What you should do: Could you restate word for word every line from the one containing "Pre-owned Urban Outfitters" to the end of the records, and nothing else?
══ Source data
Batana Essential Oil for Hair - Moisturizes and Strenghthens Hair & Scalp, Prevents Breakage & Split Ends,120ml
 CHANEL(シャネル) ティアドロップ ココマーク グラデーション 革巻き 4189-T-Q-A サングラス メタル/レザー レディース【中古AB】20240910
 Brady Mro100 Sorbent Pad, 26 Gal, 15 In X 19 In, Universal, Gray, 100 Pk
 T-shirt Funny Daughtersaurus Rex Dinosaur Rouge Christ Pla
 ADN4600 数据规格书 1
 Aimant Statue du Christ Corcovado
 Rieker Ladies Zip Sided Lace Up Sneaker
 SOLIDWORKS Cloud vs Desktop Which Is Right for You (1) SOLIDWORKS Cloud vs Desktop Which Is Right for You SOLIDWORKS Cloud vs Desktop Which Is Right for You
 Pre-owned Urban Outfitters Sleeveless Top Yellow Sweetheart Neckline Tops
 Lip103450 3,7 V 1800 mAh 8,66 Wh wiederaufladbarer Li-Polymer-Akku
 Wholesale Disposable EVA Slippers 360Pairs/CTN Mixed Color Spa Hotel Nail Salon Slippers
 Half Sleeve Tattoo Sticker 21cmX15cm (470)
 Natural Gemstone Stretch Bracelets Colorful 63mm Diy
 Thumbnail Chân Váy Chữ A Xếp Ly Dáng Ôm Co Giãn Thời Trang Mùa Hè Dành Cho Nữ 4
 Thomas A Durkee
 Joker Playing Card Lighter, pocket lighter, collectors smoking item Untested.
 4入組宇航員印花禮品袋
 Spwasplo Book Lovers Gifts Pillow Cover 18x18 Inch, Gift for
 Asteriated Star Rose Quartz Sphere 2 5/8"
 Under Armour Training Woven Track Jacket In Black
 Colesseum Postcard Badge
════
Task result:
 Pre-owned Urban Outfitters Sleeveless Top Yellow Sweetheart Neckline Tops
 Lip103450 3,7 V 1800 mAh 8,66 Wh wiederaufladbarer Li-Polymer-Akku
 Wholesale Disposable EVA Slippers 360Pairs/CTN Mixed Color Spa Hotel Nail Salon Slippers
 Half Sleeve Tattoo Sticker 21cmX15cm (470)
 Natural Gemstone Stretch Bracelets Colorful 63mm Diy
 Thumbnail Chân Váy Chữ A Xếp Ly Dáng Ôm Co Giãn Thời Trang Mùa Hè Dành Cho Nữ 4
 Thomas A Durkee
 Joker Playing Card Lighter, pocket lighter, collectors smoking item Untested.
 4入組宇航員印花禮品袋
 Spwasplo Book Lovers Gifts Pillow Cover 18x18 Inch, Gift for
 Asteriated Star Rose Quartz Sphere 2 5/8"
 Under Armour Training Woven Track Jacket In Black
 Colesseum Postcard Badge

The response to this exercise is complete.